In 2022, Taiwan Seminary celebrated its 150th anniversary, holding a series of lectures, commemorations, and other events.

== Academics ==
In addition to TGST's extension program, which offers courses to adult students off-campus, TGST offers several core, academic degrees. The main theological degree is the Master of Divinity. Students register in one of two departments: the Department of Christian Studies and the Department of Theological Studies. In addition the school has a Postgraduate Department that offers Master of Theology and Doctor of Philosophy degrees, as well as a Doctor of Ministry that provides doctoral training for those already in ministry. There are also Masters of Arts degrees offered in church music and counseling.

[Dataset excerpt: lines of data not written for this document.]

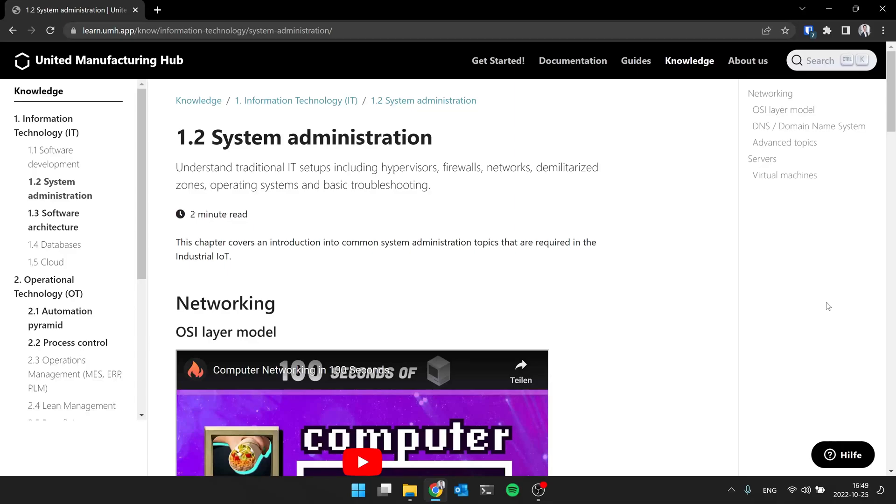So you always put like one server or one network in between. So instead of accessing directly from the office network something on the shop floor, you typically access the server in between. And from that server, again, only that server can connect to the shop floor network. And then you have like a hop in between, which will provide you additional security.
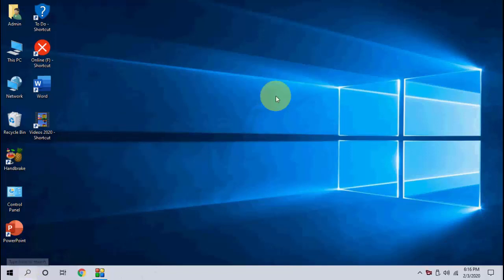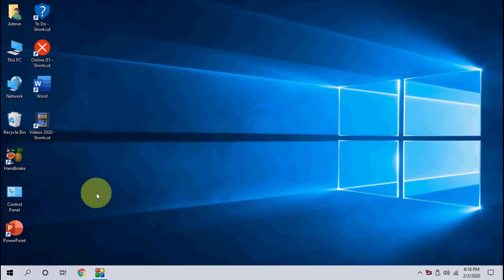Okay guys, Microsoft has released one more latest update for Windows 10 for the month of February 2020. So let's see how to update this small security and cumulative update. Just click on your Start button.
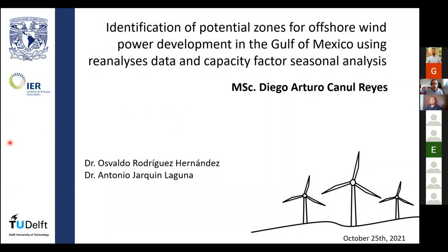Welcome to the third week of our workshop on specialized topics in wind energy generation. Our first speaker today is Diego Canul. He studied energy engineering at the Universidad Autónoma de Campeche and did an MSc in engineering at UNAM, the National University of Mexico. He obtained both degrees with honors and is currently a PhD student in the wind energy group at the Renewable Energy Institute at UNAM.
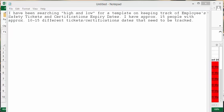I received this question the other day: I've been searching high and low for a template to keep track of employees' safety tickets and certifications expiry dates. I have approximately 15 people and approximately 10 to 15 different tickets and certifications that need to be tracked.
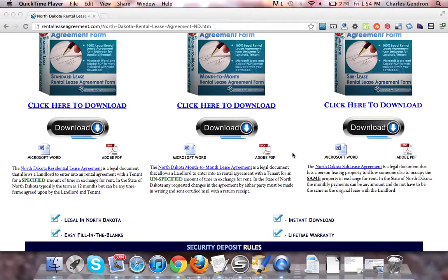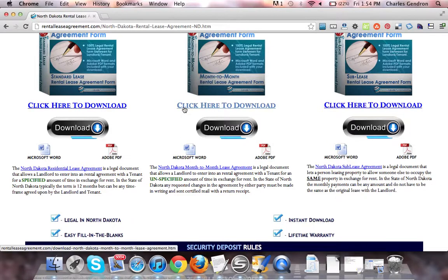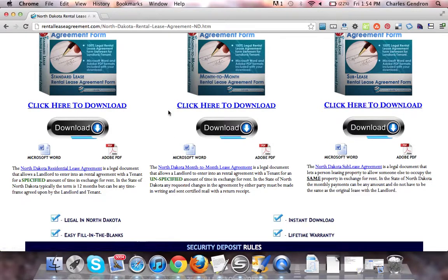To download the forms, which come in both Adobe PDF and Microsoft Word, you're going to want to click on the link that says Click Here to Download. This will bring you to the download page, where you'll be able to purchase the documents.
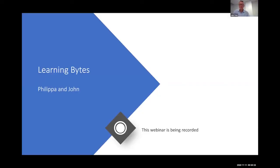Good morning everyone and thanks for joining us again for another Learning Byte. Before we do anything, we'd just like to acknowledge the country from which we're speaking to you today.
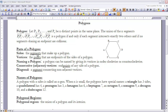Now I'd like to take a look at the parts of a polygon. The two main parts are sides and vertices. When we talk about a side, it's a segment — anytime you refer to a side, you refer to it as a segment. With vertices, it's always a point. So sides are segments and vertices are points.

Students of the School are encouraged to engage with the broader Presbyterian tradition. TGST’s North American Presbyterian heritage endures through the institution of initiatives such as the annual Excellence in Preaching award, named in honor of the Presbyterian theologian and author Frederick Buechner.

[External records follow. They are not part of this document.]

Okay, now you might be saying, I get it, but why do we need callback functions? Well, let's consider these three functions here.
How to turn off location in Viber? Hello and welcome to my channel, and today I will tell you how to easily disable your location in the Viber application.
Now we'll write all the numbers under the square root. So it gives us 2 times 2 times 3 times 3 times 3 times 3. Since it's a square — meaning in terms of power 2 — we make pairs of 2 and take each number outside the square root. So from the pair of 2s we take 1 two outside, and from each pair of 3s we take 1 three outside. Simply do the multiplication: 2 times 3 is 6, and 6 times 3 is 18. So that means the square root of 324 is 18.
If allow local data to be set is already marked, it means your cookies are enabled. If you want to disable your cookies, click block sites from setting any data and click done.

Taiwan Seminary has two endowed, annual lectures: the Mackay Lectures and the Shuanglian Lectures. The Mackay lectures are invited academic lectures, and in recent years have included international figures like Brian Stanley, Luke Powery, David Ferguson, Brian Blount, Choon Leong Seow, and Michael Welker, as well as senior faculty including Sun Po-Lin and Lin Hong-Hsin. The Shunaglian lectures are directed more towards clergy and alumni and have featured discussions on topics like body theology, ecclesiology, or women in ministry. Taiwan Seminary has some partnerships with seminaries abroad, for instance with Knox College in Toronto and Union Presbyterian Seminary in Richmond, Virginia.

=== Library ===
The library of the Taiwan Theological College and Seminary grew from the holdings of the Oxford College, founded in 1882 (now a sister institution, Aletheia University). That original library began as a simple reading room for missionaries themselves. As more and more missionaries arrived, the collection rapidly grew; and since many missionaries left their books to the library when they departed, the collection steadily expanded. At that time, most of the library’s books were in English. Yet during the period of Japanese colonization, Japanese-language books were also added to the collection. Finally, with the arrival of the Nationalist Kuomintang party from China, Chinese books also started to enter the collection. Since English has become the standard for international academic publications, especially in the areas of Christian religion and philosophy, the majority of the library’s holdings are in English. And yet the recent boom in Chinese-language theological literature has allowed the library to increase its Chinese holdings, so that Chinese books now account for approximately 40% of the library’s collection. The library uses the Library of Congress classification system. The library has more than 95,000 volumes, including more 36,000 books in Chinese and more than 42,000 in other languages.

=== Research Centers ===
Taiwan Seminary has three research centers dedicated to history, theology, and intercultural studies. In addition to the Intercultural Studies Center, Taiwan Seminary is also home to a Center for the Study of Taiwanese Christian History, and the a Center for the Study of Christian Thought.

The Center for the Study of Christian Thought (CSCT) is chiefly dedicated to the history of Reformation thought and the Protestant tradition and hosts conferences on theology.

The Center for the Study of Taiwanese Christian History collects and preserves relevant information and data regarding Taiwan’s church history, with the twin purposes of further research and teaching. The collections held at the Center include documents and publications created by early Taiwanese churches and institutions of the Northern Synod of the Presbyterian Church in Taiwan, including: the Northern Synod, Taipei Presbytery, Taipei Central Presbytery, Seven Stars Presbytery, Hsinchu Presbytery, and the Central Eastern Presbytery. Beyond presbytery and institutional documents, the Center also collects reports from local congregations.

==Notable people==

Taiwan Seminary faculty are widely known for contributions in the fields of history, theology, and Biblical studies. The school has famously included a series of missionaries on its faculty.